Las víctimas como precio necesario es un excelente volumen que reflexiona sobre la figura de la víctima en la sociedad contemporánea, desde el marco teórico de la Teoría Crítica que nace tras la debacle del Holocausto a los casos concretos de víctimas de terrorismo, guerras, e incluso accidentes viales. Todos los artículos se escriben en contra de una idea aceptada y repetida a lo largo de la historia: que las víctimas son, como diría Hegel, un precio necesario para el progreso, o el daño colateral que queda tras los procesos históricos de cambio, inevitablemente violentos. No voy a hacer una reseña del libro, sino comentar aquello aspectos que me han permitido seguir reflexionando sobre la cuestión vasca y las víctimas de ETA.
Detlev Claussen incluye una cita de Theodor W. Adorno, escrita en 1945: «pensar la situación mejor como aquella en la cual se puede ser diferente sin temor» (30). Esta cita resume una utopía: la mejor sociedad imaginable es aquella en la que se pueda ser diferente sin el miedo a ser aniquilado. El contexto en el que escribía Adorno es el de los campos de concentración y el gulag, el contexto de los totalitarismos. Ahí la víctima lo es doblemente: porque se la aniquila y porque se intenta borrar también su huella. Así, el miedo del diferente no solo es el miedo físico a ser exterminado, sino que hay un miedo ontológico a la desaparición de aquello por lo cual se le ha convertido en víctima (el caso de los judíos es paradigmático en este sentido). Porque los totalitarismos no sólo quisieron exterminar físicamente al disidente, al diferente, al que se consideraba un lastre social, sino también reeducar la conciencia individual y colectiva para acabar para siempre con esos «tarados» que ensuciaban su sociedad ideal (comunistas, homosexuales, judíos, etc). El nacionalcatolicismo franquista es un buen ejemplo de ello, tanto en legislación represiva como en educación.

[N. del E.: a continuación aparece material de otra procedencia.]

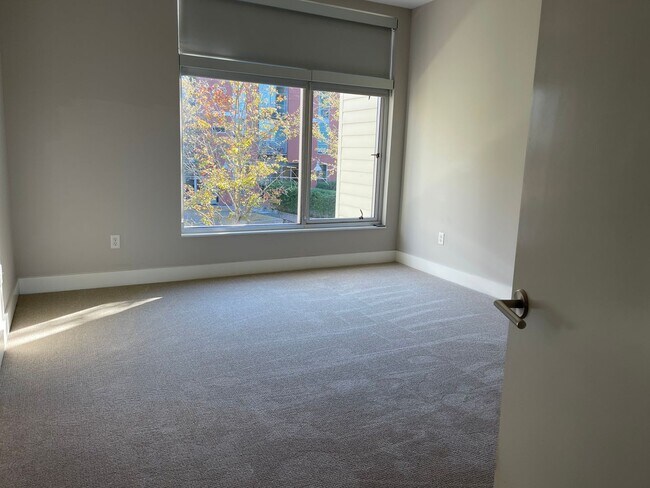 Building Photo - Contemporary Townhome East side of Downtow...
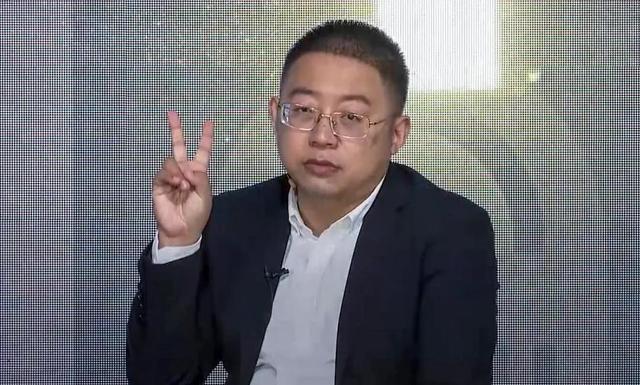 美荷网友同时发声，对中国独立研发的光刻机技术给予强烈批评！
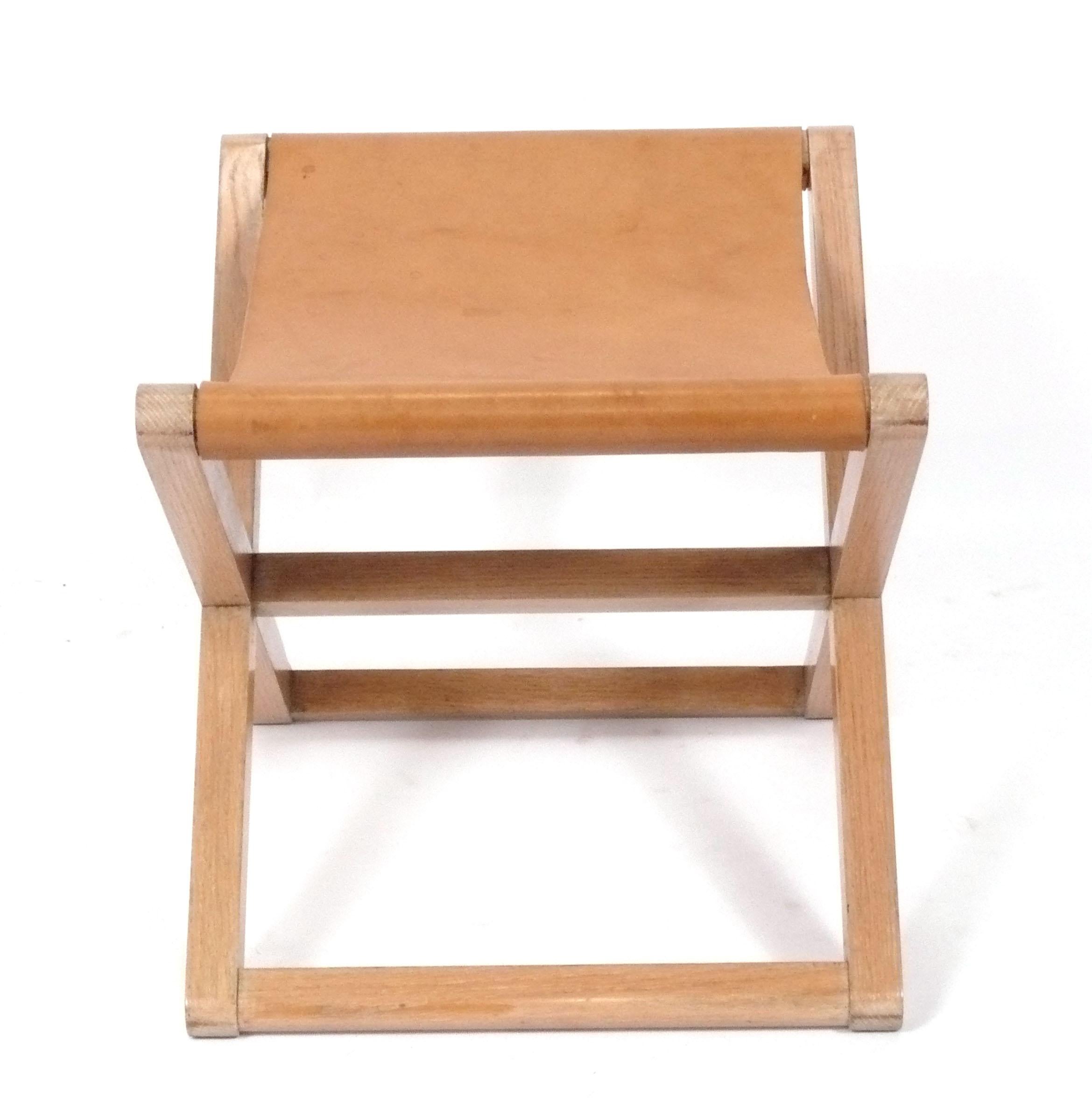 Art déco A Michel Frank Design/One Tabouret en cuir avec base en X en vente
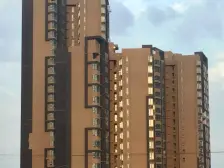 小区次新房 轻轨站物业 证满2年 业主诚心出售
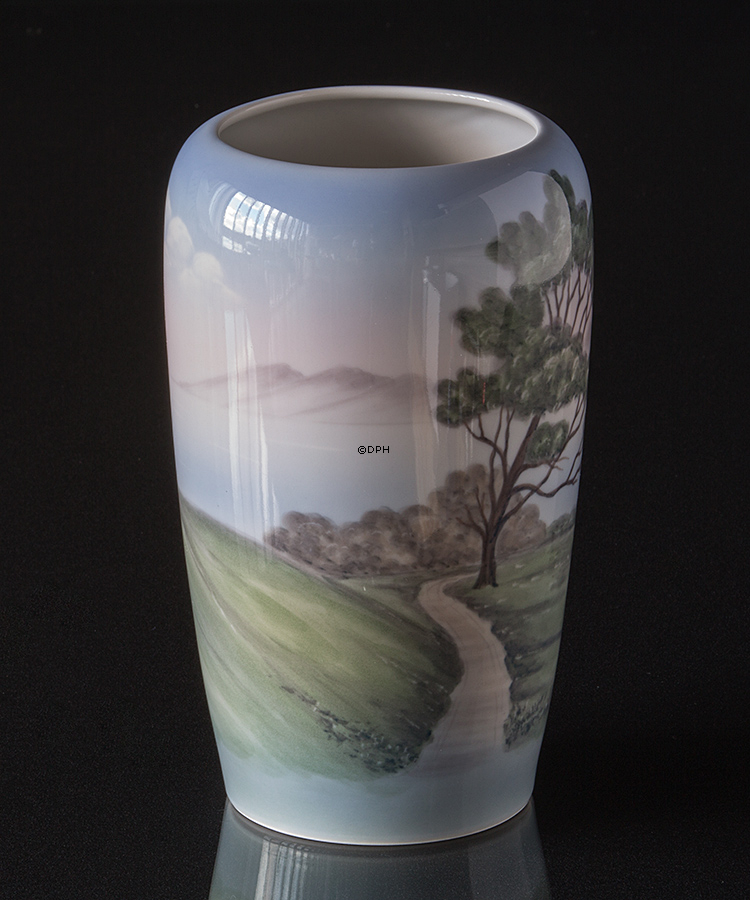 Vase med vejen til søen, Bing & Grøndahl nr. 716-5448 eller 748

La cita de Adorno también me hizo pensar en la historia vasca de los últimos cuarenta años. Porque esta lógica de aniquilación del diferente no pertenece exclusivamente a los regímenes dictatoriales o totalitarios; el nacionalismo etnicista que pone a la Patria Vasca (así, con mayúsculas) por encima del derecho a la vida ha operado con la misma lógica: extirpar a través de la aniquilación física o expulsar de la sociedad a través de la coacción, la extorsión o la amenaza de muerte a aquellos considerados no ya enemigos o invasores (léase, las fuerzas de seguridad del Estado o los representantes de instituciones españolas), sino a aquellos ciudadanos vascos que defendían una idea de lo político y social diferente a la suya. Gorka Landaburu ha dicho en más de una ocasión que él tuvo que luchar contra dos dictaduras: la del franquismo y la de ETA. También lo dijo el recientemente fallecido José Ramón Recalde. Muchos creerán que equiparar las dos cosas es una exageración, pero la cita de Adorno me recordó que la lógica más perversa es aquella que no se muestra de manera evidente.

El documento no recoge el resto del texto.